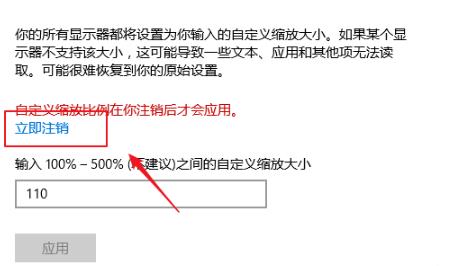 win10控制应用缩放教程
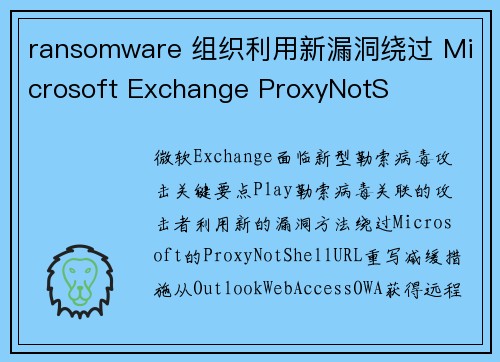 ransomware 组织利用新漏洞绕过 Microsoft Exchange ProxyNotS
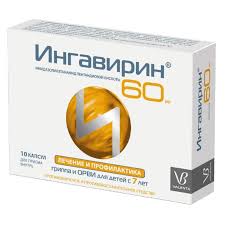 Ингавирин 60мг капсула №10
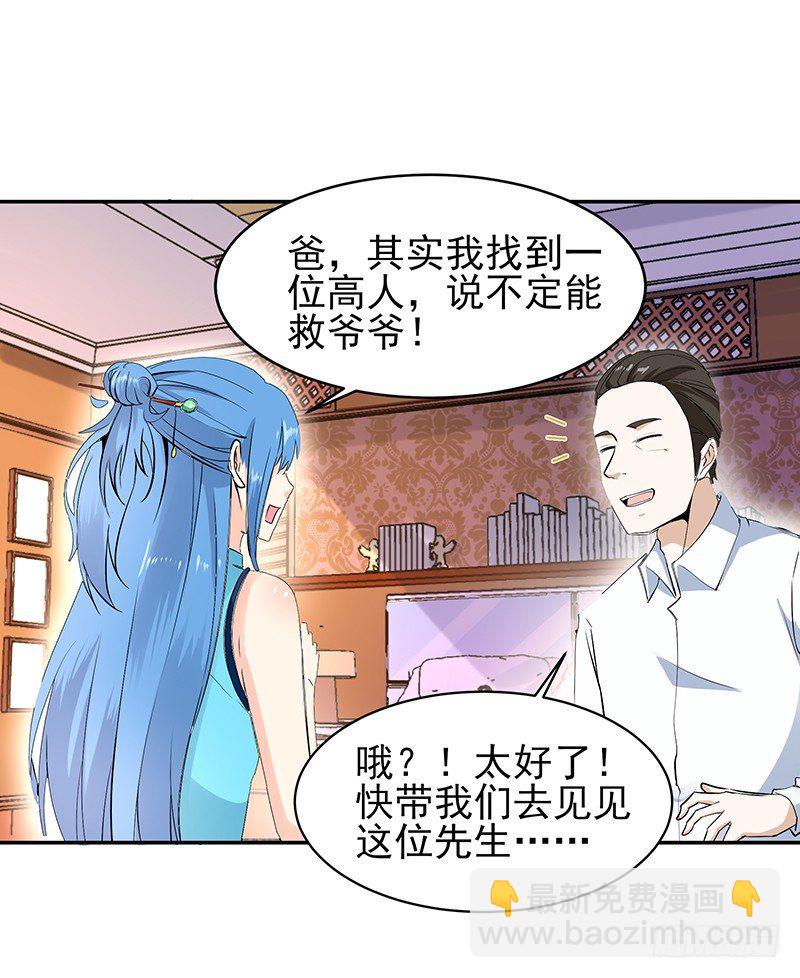 第26话 命悬一线21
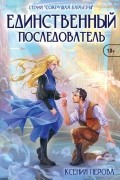 Ксения Перова - Единственный последователь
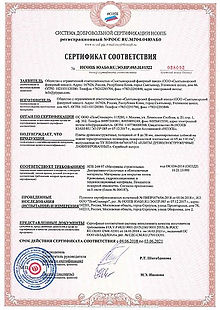 сертификат соответствия 1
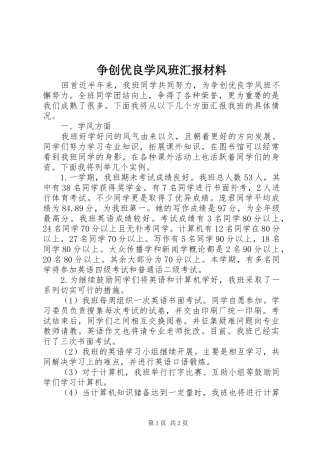 争创优良学风班汇报材料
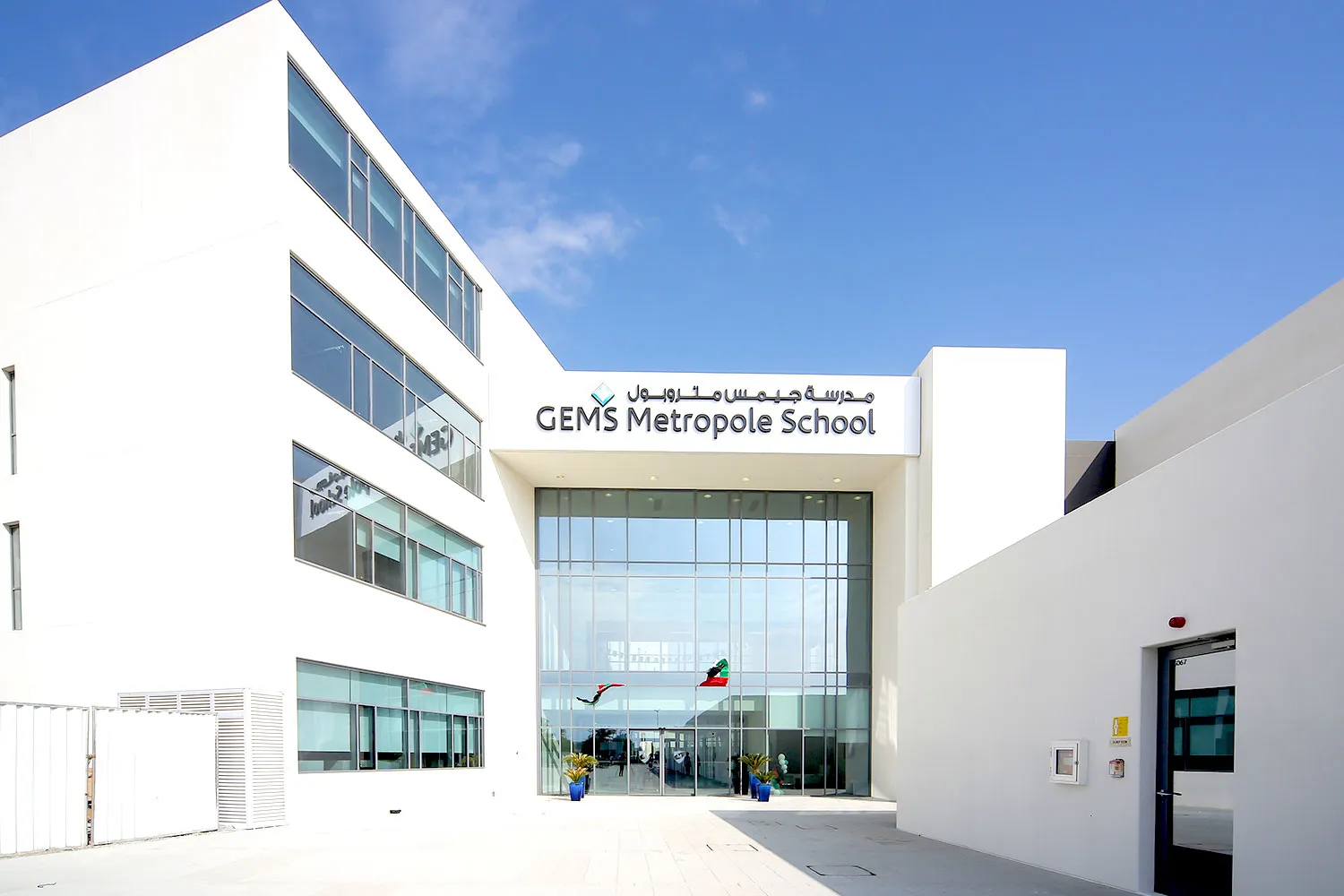 GEMS Metropole School - Dubai BranchDubai Land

# Prompt:
Only the lines from the line containing "争创优良学风班汇报材料" through the last line of the entries above should be reproduced, word for word and without pictures.

# Answer space:
 争创优良学风班汇报材料
 GEMS Metropole School - Dubai BranchDubai Land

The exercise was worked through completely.